La Suisse refuse de lutter contre la spéculation sur les denrées alimentaires

Le peuple suisse était appelé aux urnes dimanche 28 février pour se prononcer sur quatre référendums. Parmi les initiatives soumises au vote, une proposition envisageait d’interdire les opérations financières spéculatives se rapportant à des matières premières agricoles et à des denrées alimentaires. Le non s’est imposé à 59,9 %.
Le "non" l'a emporté à 59,9 % lors du référendum.

Œuvrer contre les famines au plan mondial. Telle était l'ambition d'une des quatre votations proposées au peuple suisse, le 28 février. Précisément, celle-ci demandait une interdiction des paris en bourse sur les marchandises agricoles.

Avec un taux de participation d'environ 63 %, ces votations fédérales suisses ont connu leur plus forte participation depuis 1992, date du scrutin sur l'adhésion de la Suisse à l'Espace économique Européen. L'initiative a finalement été rejetée par 59,9 % des votants.

Longtemps relégué au second plan, le débat contre la spéculation des denrées alimentaires a pris de l'ampleur du côté suisse. Cette consultation pourrait bien réveiller les esprits, engendrer des modifications dans les cantons favorables, faire bouger le Parlement et entraîner, malgré tout, un encadrement législatif plus strict suite à l'entrée en vigueur au 1er janvier de la Loi sur l'infrastructure des marchés financiers (LIMF).

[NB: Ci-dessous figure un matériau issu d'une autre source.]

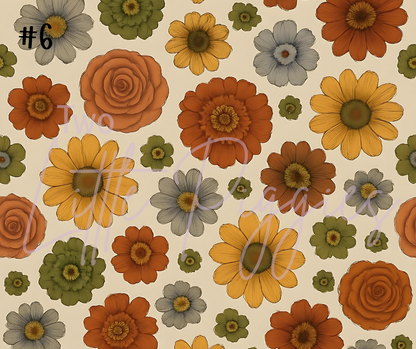 Printed Vinyl - Burgundy Fall Floral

50 % de la spéculation sur le blé transite par la Suisse

"Les deux crises alimentaires de 2008 et 2012 auraient pu être évitées car elles étaient une conséquence de la spéculation", martèle Muriel Waeger, vice-présidente des Jeunes socialistes suisses (JSS), à l'origine de cette question aussi technique que politique qui avait rassemblé quelque 140 000 signatures pour être déposée à la Chancellerie fédérale. L'initiative avait été rejetée au Parlement il y a un an, pour être ensuite présentée au peuple.

"C'est un certain type de spéculation que nous remettons en cause : le fait de revendre pour modifier artificiellement les prix sans avoir accès à la matière première", explique la jeune élue avec, à l'appui, une étude réalisée en 2010 par la Banque Mondiale établissant une relation entre les activités des fonds indiciels et le prix des denrées.

La Suisse est une place financière des plus importantes par où transite la moitié de la spéculation sur le blé et 30 % de la spéculation alimentaire mondiale.

"Il fallait donc mettre un holà car si l'économie fonctionne, c'est avec des limites à ne pas dépasser. C'est une question morale qui a toute sa place dans un pays qui a été le berceau des revendications humanistes."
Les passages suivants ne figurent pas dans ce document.